Exactly as written, please repeat the data that follows, but not the pictures.

═════ Input data ═════

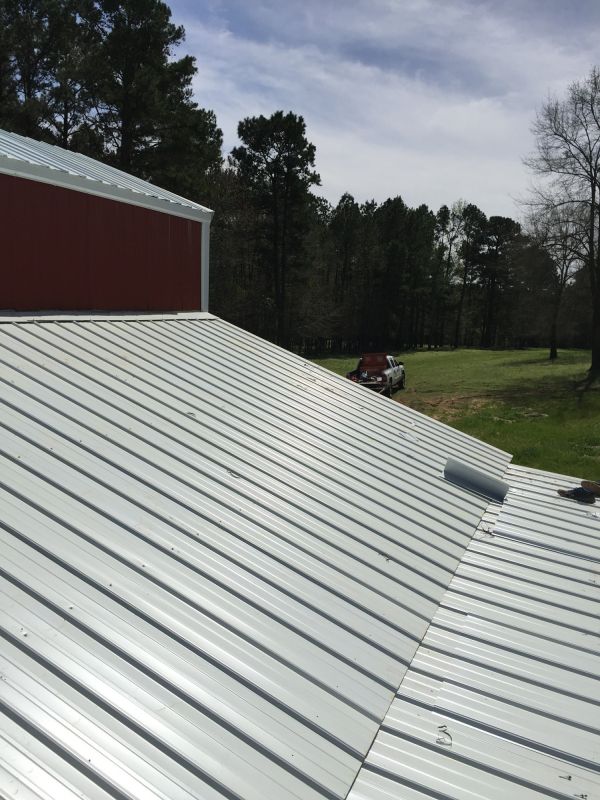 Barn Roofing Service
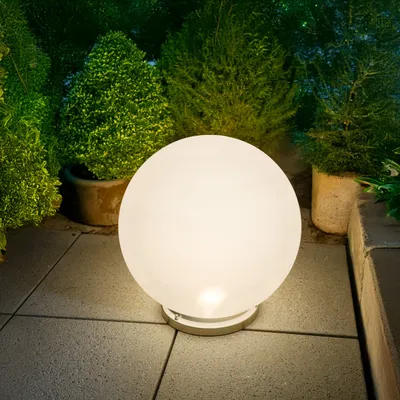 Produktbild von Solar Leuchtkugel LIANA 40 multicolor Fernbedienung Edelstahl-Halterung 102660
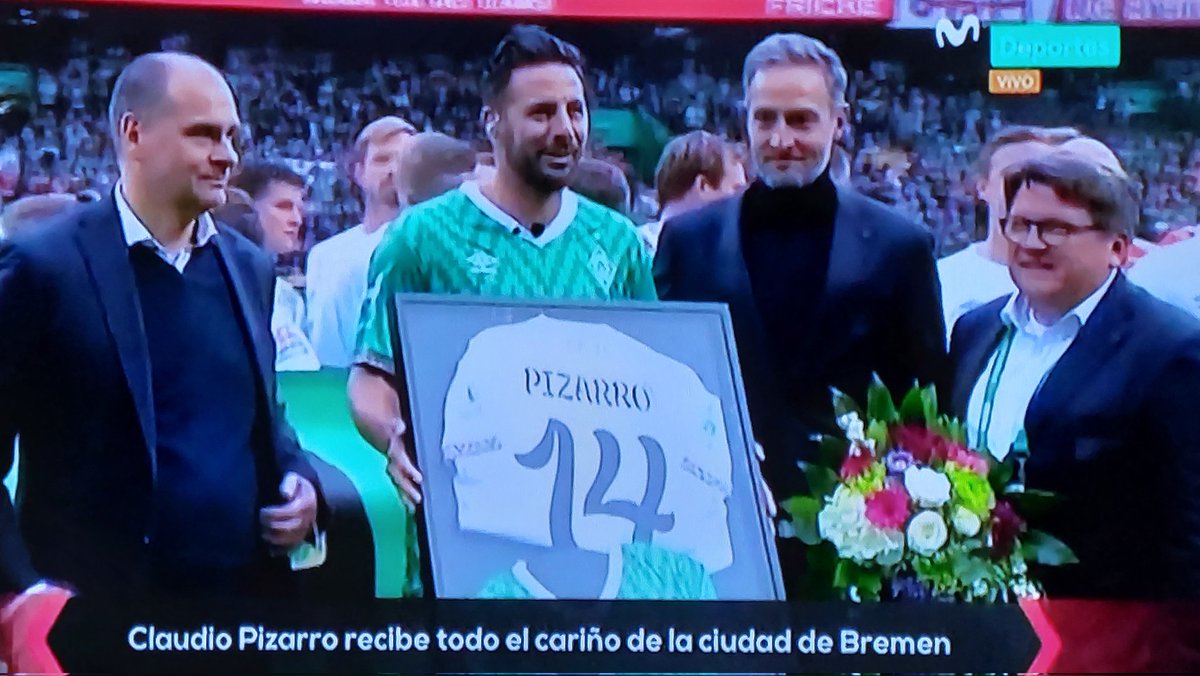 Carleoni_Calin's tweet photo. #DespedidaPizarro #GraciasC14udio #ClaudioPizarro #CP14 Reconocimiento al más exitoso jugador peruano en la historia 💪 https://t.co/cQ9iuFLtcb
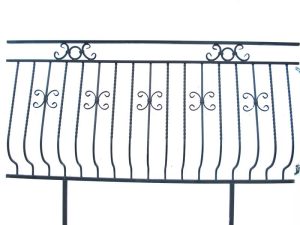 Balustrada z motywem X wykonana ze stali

═════

» Response to this task
 Barn Roofing Service
 Produktbild von Solar Leuchtkugel LIANA 40 multicolor Fernbedienung Edelstahl-Halterung 102660
 Carleoni_Calin's tweet photo. #DespedidaPizarro #GraciasC14udio #ClaudioPizarro #CP14 Reconocimiento al más exitoso jugador peruano en la historia 💪 https://t.co/cQ9iuFLtcb
 Balustrada z motywem X wykonana ze stali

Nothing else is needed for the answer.